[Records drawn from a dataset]
--------

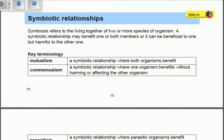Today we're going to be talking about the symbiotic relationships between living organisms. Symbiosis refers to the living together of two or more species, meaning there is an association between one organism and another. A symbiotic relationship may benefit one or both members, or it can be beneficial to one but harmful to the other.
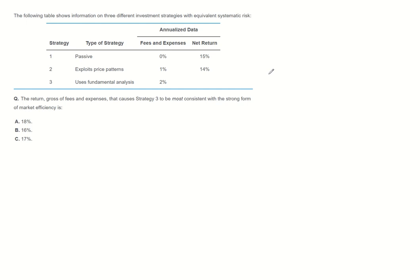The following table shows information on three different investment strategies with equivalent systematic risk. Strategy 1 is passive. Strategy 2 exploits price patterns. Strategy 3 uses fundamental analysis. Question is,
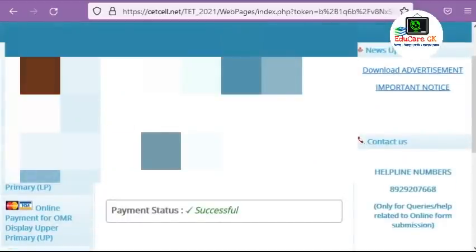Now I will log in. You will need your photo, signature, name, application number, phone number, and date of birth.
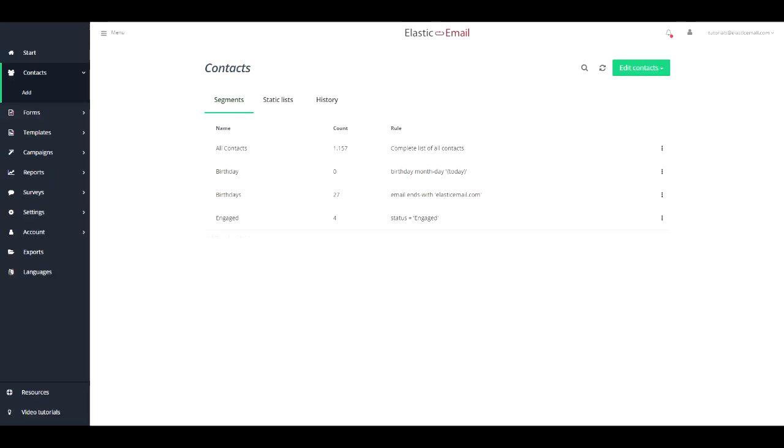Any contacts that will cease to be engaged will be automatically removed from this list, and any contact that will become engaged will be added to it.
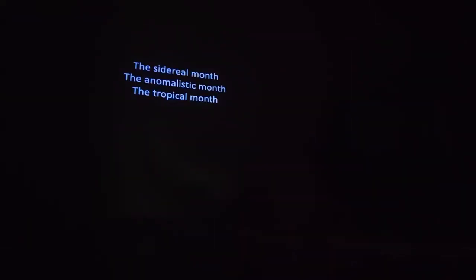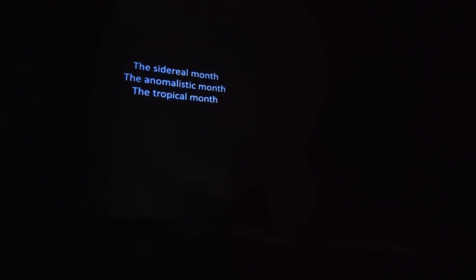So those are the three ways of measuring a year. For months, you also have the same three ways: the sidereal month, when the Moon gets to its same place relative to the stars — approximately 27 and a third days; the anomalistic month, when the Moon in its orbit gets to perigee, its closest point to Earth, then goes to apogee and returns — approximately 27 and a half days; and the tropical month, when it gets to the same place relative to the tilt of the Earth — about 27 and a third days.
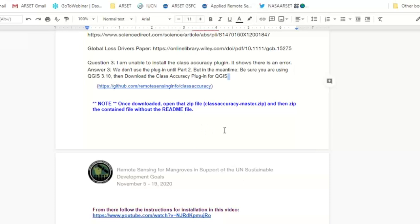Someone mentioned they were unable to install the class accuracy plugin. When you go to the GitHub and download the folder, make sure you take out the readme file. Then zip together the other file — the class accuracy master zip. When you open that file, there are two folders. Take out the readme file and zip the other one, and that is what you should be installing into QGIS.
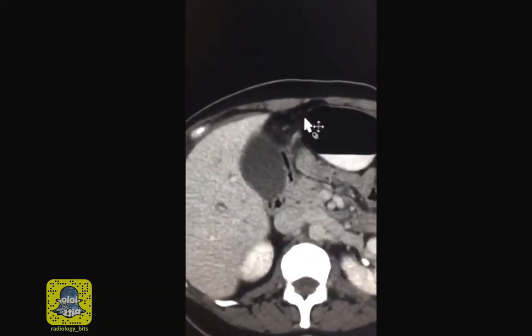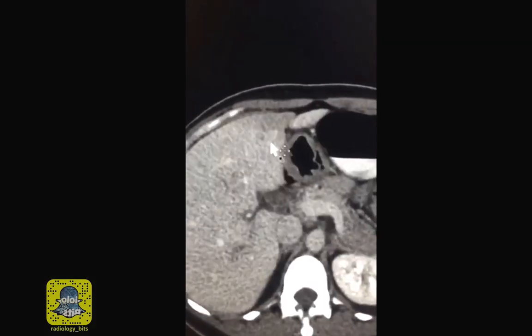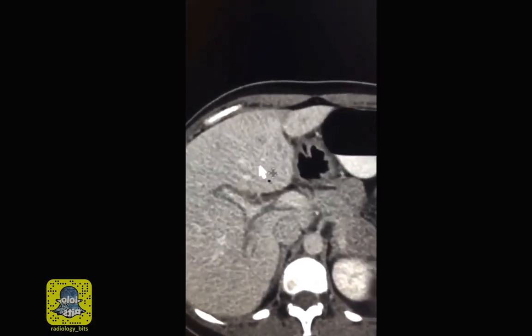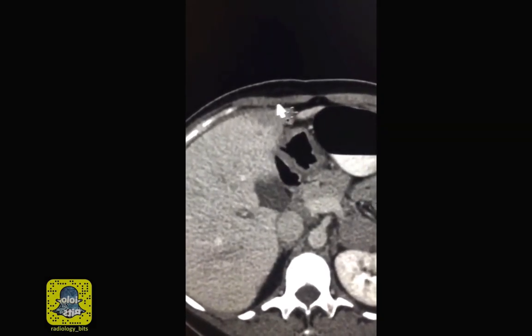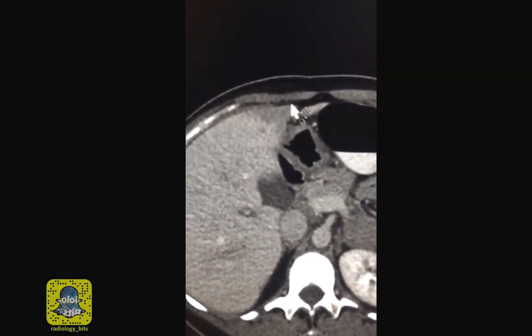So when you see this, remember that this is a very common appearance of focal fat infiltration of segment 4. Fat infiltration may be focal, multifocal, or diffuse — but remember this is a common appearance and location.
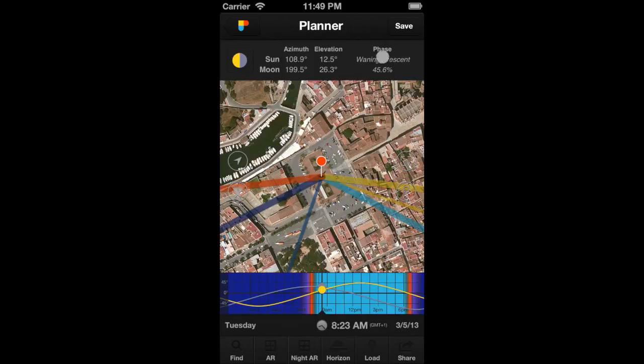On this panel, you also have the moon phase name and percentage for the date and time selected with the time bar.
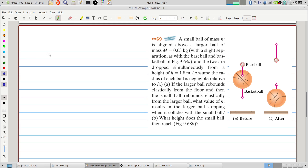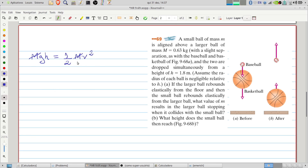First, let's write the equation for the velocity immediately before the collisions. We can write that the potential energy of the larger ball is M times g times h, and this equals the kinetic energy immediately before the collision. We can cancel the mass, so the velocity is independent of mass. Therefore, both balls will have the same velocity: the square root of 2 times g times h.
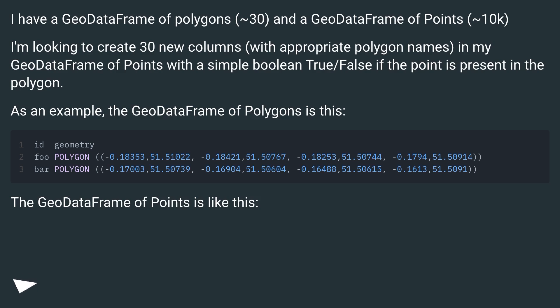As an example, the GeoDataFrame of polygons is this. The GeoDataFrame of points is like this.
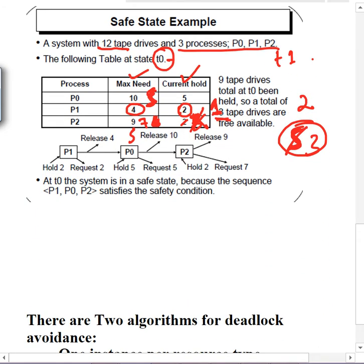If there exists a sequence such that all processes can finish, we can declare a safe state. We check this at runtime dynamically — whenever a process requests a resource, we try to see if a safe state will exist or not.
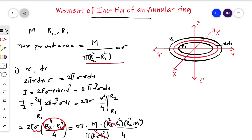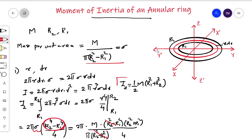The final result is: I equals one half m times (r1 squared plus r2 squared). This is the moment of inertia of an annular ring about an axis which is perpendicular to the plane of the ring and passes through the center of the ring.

--------

| Task instructions |
Could you retype every record exactly, leaving the pictures out?

| Task output |
Today we're going to be talking about the symbiotic relationships between living organisms. Symbiosis refers to the living together of two or more species, meaning there is an association between one organism and another. A symbiotic relationship may benefit one or both members, or it can be beneficial to one but harmful to the other.
The following table shows information on three different investment strategies with equivalent systematic risk. Strategy 1 is passive. Strategy 2 exploits price patterns. Strategy 3 uses fundamental analysis. Question is,
Now I will log in. You will need your photo, signature, name, application number, phone number, and date of birth.
Any contacts that will cease to be engaged will be automatically removed from this list, and any contact that will become engaged will be added to it.
So those are the three ways of measuring a year. For months, you also have the same three ways: the sidereal month, when the Moon gets to its same place relative to the stars — approximately 27 and a third days; the anomalistic month, when the Moon in its orbit gets to perigee, its closest point to Earth, then goes to apogee and returns — approximately 27 and a half days; and the tropical month, when it gets to the same place relative to the tilt of the Earth — about 27 and a third days.
Someone mentioned they were unable to install the class accuracy plugin. When you go to the GitHub and download the folder, make sure you take out the readme file. Then zip together the other file — the class accuracy master zip. When you open that file, there are two folders. Take out the readme file and zip the other one, and that is what you should be installing into QGIS.
So when you see this, remember that this is a very common appearance of focal fat infiltration of segment 4. Fat infiltration may be focal, multifocal, or diffuse — but remember this is a common appearance and location.
On this panel, you also have the moon phase name and percentage for the date and time selected with the time bar.
First, let's write the equation for the velocity immediately before the collisions. We can write that the potential energy of the larger ball is M times g times h, and this equals the kinetic energy immediately before the collision. We can cancel the mass, so the velocity is independent of mass. Therefore, both balls will have the same velocity: the square root of 2 times g times h.
As an example, the GeoDataFrame of polygons is this. The GeoDataFrame of points is like this.
If there exists a sequence such that all processes can finish, we can declare a safe state. We check this at runtime dynamically — whenever a process requests a resource, we try to see if a safe state will exist or not.
The final result is: I equals one half m times (r1 squared plus r2 squared). This is the moment of inertia of an annular ring about an axis which is perpendicular to the plane of the ring and passes through the center of the ring.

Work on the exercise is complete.